Des versions dérivées ne permettant que l'exécution d'un programme sur DataPak ont été développées, les "Point Of Sale" POS-200 à clavier simplifié et POS-250 à clavier normal. Ce sont les ancêtres des Psion Workabouts actuels.

Puis est apparu le modèle définitif, le II LZ avec un afficheur de 4 lignes de 20 caractères, 32 puis 64 Ko (LZ64), multilangues d'origine. Il amène une gestion de fichiers encore plus perfectionnée pour l'utilisateur, tout en restant entièrement compatible avec les CM et XP.

A noter que leur OS interne a subi diverses modifications visant à éliminer des bugs mineurs (et à implanter des langues nationales sur le XP à partir du 3.6), sans remettre en question la totale compatibilité de la famille.

 

Le coin du collectionneur

Le Psion II XP est une machine fiable et sans aucun problème, dont les capacités ne sont pas ridicules à l'heure actuelle, pour de nombreuses utilisations itinérantes : les Psion Teklogix Workabout, terminaux de saisie professionnels très utilisés actuellement sont en fait leurs descendants directs...

Machines très courantes, elles sont faciles à trouver pour un prix modéré. Mais honnêtement, pour goûter la quintessence du Psion II, préférez le LZ et ses 4 lignes d'affichages au XP et ses 2 petites lignes...

Ses périphériques sont moins évidents à trouver : le Comms Link est encore fréquent (et fonctionne très bien avec un convertisseur RS-232C vers USB !), la Psion Printer est rare. Quant à ses Rom-, Ram- et Data-Paks, autant il est facile d'en trouver dans une machine, autant il est rare d'en voir séparément... Attention à leur effacement (voir "Quelques ruses" ci-dessus).

 

Caractéristiques techniques : Psion II XP

Généreux donateur : Frédéric Leglise (mai 1998)

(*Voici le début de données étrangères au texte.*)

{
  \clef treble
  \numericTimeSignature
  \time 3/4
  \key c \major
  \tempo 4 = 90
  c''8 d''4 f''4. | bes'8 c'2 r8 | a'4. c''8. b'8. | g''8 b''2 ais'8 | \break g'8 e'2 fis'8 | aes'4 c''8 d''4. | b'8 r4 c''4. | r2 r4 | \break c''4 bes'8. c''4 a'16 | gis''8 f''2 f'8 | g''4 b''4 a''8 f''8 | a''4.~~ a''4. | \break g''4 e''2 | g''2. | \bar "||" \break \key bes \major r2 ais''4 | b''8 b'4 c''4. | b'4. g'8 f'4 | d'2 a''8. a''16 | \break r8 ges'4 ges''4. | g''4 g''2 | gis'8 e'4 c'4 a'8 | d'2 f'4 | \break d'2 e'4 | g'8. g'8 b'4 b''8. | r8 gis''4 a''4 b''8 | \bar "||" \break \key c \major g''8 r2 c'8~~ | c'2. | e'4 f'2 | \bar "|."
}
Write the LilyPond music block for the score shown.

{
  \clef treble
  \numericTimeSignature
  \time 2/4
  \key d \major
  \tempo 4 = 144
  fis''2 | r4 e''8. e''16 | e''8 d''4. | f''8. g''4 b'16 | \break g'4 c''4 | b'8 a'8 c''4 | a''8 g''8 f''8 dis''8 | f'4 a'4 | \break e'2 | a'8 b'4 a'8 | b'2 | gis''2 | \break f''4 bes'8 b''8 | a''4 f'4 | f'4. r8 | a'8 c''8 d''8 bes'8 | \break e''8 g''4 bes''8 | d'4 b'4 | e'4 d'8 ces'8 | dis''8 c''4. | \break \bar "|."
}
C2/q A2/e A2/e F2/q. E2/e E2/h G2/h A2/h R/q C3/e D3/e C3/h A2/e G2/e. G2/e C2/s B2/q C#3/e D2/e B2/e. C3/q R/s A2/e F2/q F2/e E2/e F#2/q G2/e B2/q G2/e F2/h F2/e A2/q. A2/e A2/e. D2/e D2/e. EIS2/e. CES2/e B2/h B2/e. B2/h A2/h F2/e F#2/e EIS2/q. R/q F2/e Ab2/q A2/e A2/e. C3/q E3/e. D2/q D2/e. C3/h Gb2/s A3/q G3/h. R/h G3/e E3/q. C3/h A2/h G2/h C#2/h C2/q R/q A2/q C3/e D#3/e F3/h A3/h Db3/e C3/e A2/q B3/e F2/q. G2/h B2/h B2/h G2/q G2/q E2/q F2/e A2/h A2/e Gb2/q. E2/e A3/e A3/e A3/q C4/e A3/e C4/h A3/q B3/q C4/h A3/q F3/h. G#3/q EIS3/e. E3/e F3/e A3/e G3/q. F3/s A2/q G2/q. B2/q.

Microprocesseur : HD6303X à 3.6864 Mhz (1) : précis jusqu'à la quatrième décimale, ces anglais !
Système de calcul : priorité algébrique avec les quatre opérations, puissance, fonctions trigonométriques, logarithme et exponentielle, racine carrée ; horloge et calendrier intégrés
Langage de programmation : Organizer Programming Language ou OPL

Mémoire : 16 Ko sur les premiers XP, 32 Ko sur la version XP/LA ; extensible par Data-, Ram- ou Flash-Pak
Afficheur : cristaux liquides de 2 lignes de 16 caractères alphanumériques (1) en matrices 5x7
Connecteurs : 2x12 broches spécifique Psion (slots B et C pour Paks), 1x12 spécifique broches Psion (pour imprimante, Comms Link ou lecteur de code-barres)

Dimensions : 142x78x29mm (1)
Poids : 225 g. (1)
Alimentation : pile 9V type IEC 6LF22 (ANSI PP3) ; aliementation sur secteur possible via Comms Link
Autonomie : 40 heures de fonctionnement (1)

Accessoires d'origine : Guide d'utilisation (204 pages en français), étui coulissant
Date de sortie en France : décembre 1986 (première publication dans L'Ordinateur Individuel n°87)
Prix public : 1654 francs pour le XP (novembre 1987)

(1) Données constructeur

 

Caractéristiques techniques : Psion 32k Datapak

Capacité : 32768 octets en EPROM (programmable en plusieurs fois par le Psion, effaçable en totalité par lampe à ultraviolets extérieure)

Connecteur : 12 broches spécifique Psion
Alimentation : fournie par l'ordinateur
Autonomie : 50 ans d'après le manuel !
Dimensions : 51x23x13mm

Nota : a existé en 8, 16, 32, 64 et 128 Ko

 

Caractéristiques techniques : Psion 32k Rampak

Capacité : 32768 octets en RAM (programmable et effaçable à volonté par le Psion)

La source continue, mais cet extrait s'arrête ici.